Paulo Araña’s job at FUNAI was to monitor and protect an exclusion zone established around the easternmost region of the Upper Amazon—over thirty-two thousand square miles of unbroken jungle. It was a priceless treasure, site of both the largest concentration of biodiversity on earth and a terra indigena that was home to approximately forty uncontacted Amazonian tribes—pockets of indigenous human civilization with little or no exposure to the technology and disease of the outside world.

With such natural riches, the land was under constant attack. Like an army of termites, destitute locals were motivated to sneak into protected territory to fish virgin rivers or poach valuable endangered species; loggers were tempted to bring down the huge kurana, cedar trees that could fetch thousands of dollars on the black market; and of course, the hordes of narcotraficantes stopping over on their way from southern Brazil to Central America were a constant and brutal menace.

Preserving the wilderness required unwavering attention.

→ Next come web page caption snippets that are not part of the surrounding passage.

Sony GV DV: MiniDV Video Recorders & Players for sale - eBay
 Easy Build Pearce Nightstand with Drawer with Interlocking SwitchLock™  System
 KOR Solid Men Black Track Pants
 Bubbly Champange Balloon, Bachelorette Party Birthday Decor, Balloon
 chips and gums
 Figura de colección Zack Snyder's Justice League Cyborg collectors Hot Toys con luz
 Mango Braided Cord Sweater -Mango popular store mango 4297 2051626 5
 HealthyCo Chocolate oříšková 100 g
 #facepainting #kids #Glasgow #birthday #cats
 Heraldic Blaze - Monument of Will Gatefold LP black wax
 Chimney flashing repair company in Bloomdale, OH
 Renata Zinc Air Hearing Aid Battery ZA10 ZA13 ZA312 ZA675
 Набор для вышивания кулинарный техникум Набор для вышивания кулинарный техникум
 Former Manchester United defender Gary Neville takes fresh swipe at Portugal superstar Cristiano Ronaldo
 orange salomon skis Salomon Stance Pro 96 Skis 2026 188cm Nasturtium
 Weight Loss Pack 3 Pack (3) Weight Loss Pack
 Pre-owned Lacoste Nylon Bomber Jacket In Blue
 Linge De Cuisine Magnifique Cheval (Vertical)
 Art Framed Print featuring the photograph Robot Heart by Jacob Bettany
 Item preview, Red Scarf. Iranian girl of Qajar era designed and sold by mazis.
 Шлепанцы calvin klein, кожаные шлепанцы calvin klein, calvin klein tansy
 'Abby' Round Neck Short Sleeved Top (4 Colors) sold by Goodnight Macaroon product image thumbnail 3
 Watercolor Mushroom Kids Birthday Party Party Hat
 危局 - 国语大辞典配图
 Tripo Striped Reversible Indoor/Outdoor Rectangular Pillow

With a nicotine-stained finger, Paulo pecked a key to activate Marvin, a computer program housed in a beige plastic box wedged under his desk. Acquired years ago from a joint research effort with an American graduate program, the battered box was unremarkable save for a faded printout of an old Simpsons cartoon character taped to the outside.

On the inside, however, Marvin housed a sophisticated neural network—an expert system that had been trained on thousands of square miles of real jungle imagery, and over a hundred million more simulated.

Marvin could reliably identify a quarter-mile airstrip hacked out of the remote jungle by drug couriers; or the logging roads that threaded like slug trails into the deep woods, with larger trees intentionally left unmolested as cover; or even the occasional maloca huts built by the uncontacted tribes—rare and intimate glimpses of another world.

Most importantly, the program could scan ten square miles of super-high-resolution terrain in seconds—a feat impossible for even the most dedicated human being.